Two major Toronto streets could soon get permanent bike lanes
It's been nearly five years since the City of Toronto started testing out bike lanes on Richmond and Adelaide Streets, and it's safe to say that the east-west cycle tracks have been well received.
The number of people using the busiest sections of these lanes (between Bathurst and University, roughly) has increased by a whopping 1,194 per cent since they were installed in 2014, with more than 6,100 new people commuting via bike on both Adelaide and Richmond every day.
What would those cyclists do without this crucial downtown thoroughfare? City staffers don't want to have to find out.
This Richmond/Adelaide bike lane report is just a remarkable success story. Cycling has increased by 1,194% along busiest part of the route. Not a typo! pic.twitter.com/GoDfyt3EQo— Matt Elliott (@GraphicMatt) January 10, 2019
A report set to go before the city's Infrastructure and Environment Committee next Thursday recommends that the Richmond-Adelaide bike lanes, as well as those connected to them on Simcoe and Peter, become permanent installations.
You see, despite their crushing success, the cycle tracks are still only the result of a pilot project.
The General Manager of Transportation Services notes in her report that 93 per cent of people surveyed about the project either agreed or strongly agreed that the cycle tracks should be made permanent.
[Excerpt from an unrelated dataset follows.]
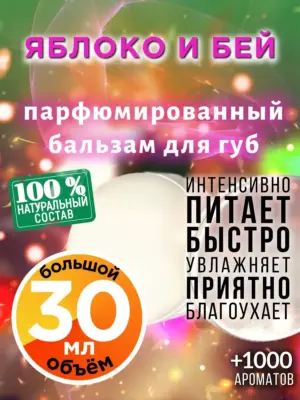 Яблоко и бей - бальзам для губ, 30 мл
as someone who is primarily a cyclist in the city--the Richmond/Adelaide lanes changed my life, as suddenly downtown was a place I could safely go. No more going all the way around the city via Harbord or Davenport just to get to the west end, too.— Cow (@criacow) January 11, 2019
Thus, she recommends that this happen, with one major modification: the cycle track running along from Bathurst Street to Parliament Street should be moved from the south side of the street to the north side.
It's an idea that's been proposed before and makes quite a bit of sense when you read about why a left-side lane would be more appropriate along this stretch of road.
Should the Infrastructure and Environment Committee vote to move ahead with making the Richmond-Adelaide cycle bike lane permanent on January 17, the matter will move forward for City Council's final say on January 31.